▶ DESCRIPTION OF THE TASK
As the answer, give exactly the lines of the records below from the one with "Чехол TPU Shiny" through the one with "Grimsmo Norseman - Blue", ends included and pictures left out.

▶ DATASET RECORDS
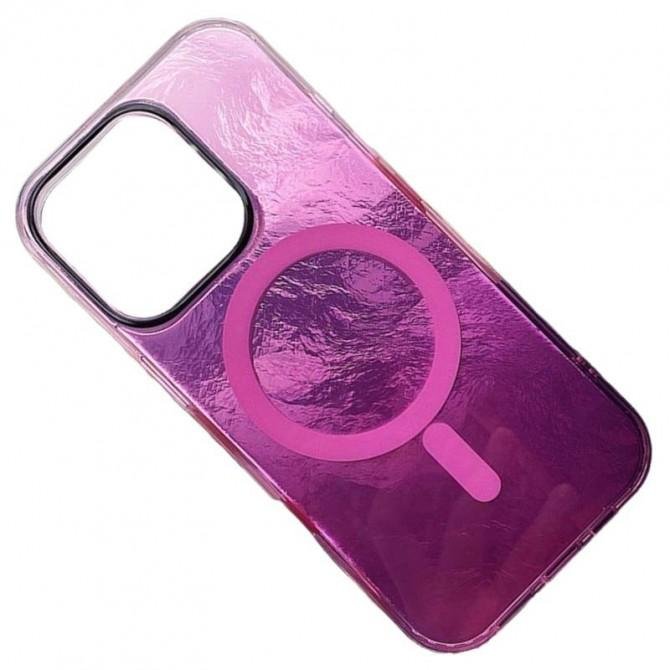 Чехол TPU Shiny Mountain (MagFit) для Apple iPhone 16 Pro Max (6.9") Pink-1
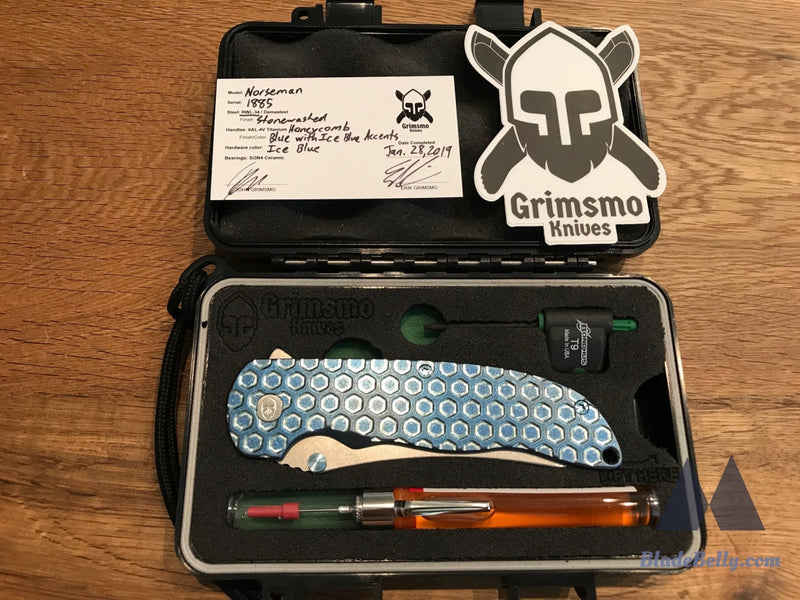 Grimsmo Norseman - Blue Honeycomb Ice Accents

* * *

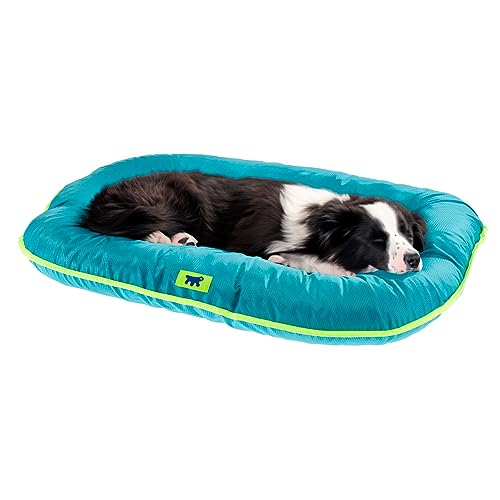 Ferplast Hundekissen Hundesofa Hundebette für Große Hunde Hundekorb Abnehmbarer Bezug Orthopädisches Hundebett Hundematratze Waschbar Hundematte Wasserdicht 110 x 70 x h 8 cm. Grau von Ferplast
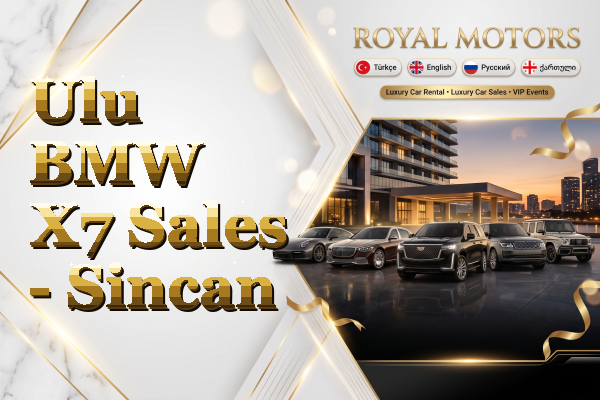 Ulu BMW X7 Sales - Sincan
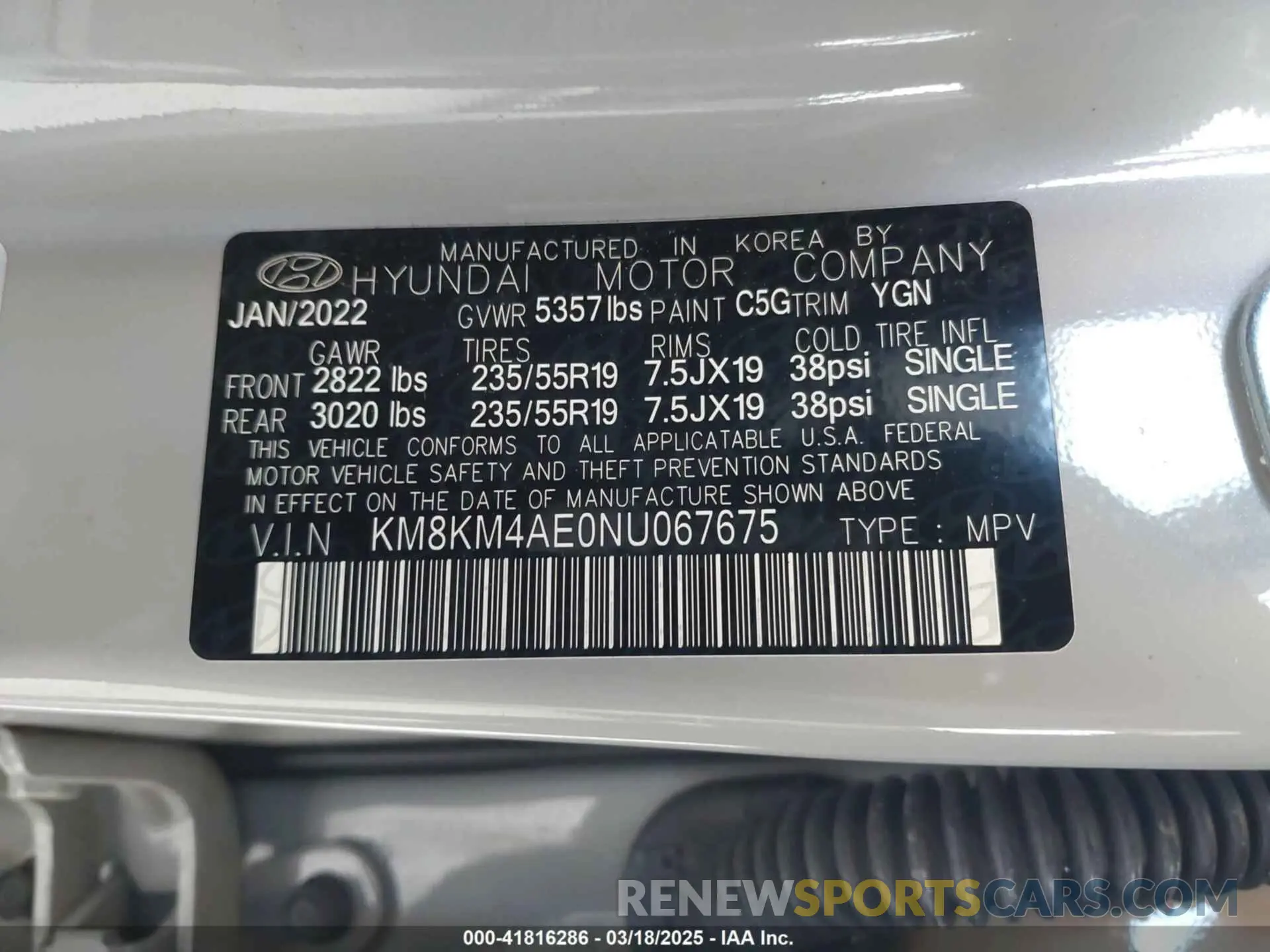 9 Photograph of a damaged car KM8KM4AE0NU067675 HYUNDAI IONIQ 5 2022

▶ OUTPUT
 Чехол TPU Shiny Mountain (MagFit) для Apple iPhone 16 Pro Max (6.9") Pink-1
 Grimsmo Norseman - Blue Honeycomb Ice Accents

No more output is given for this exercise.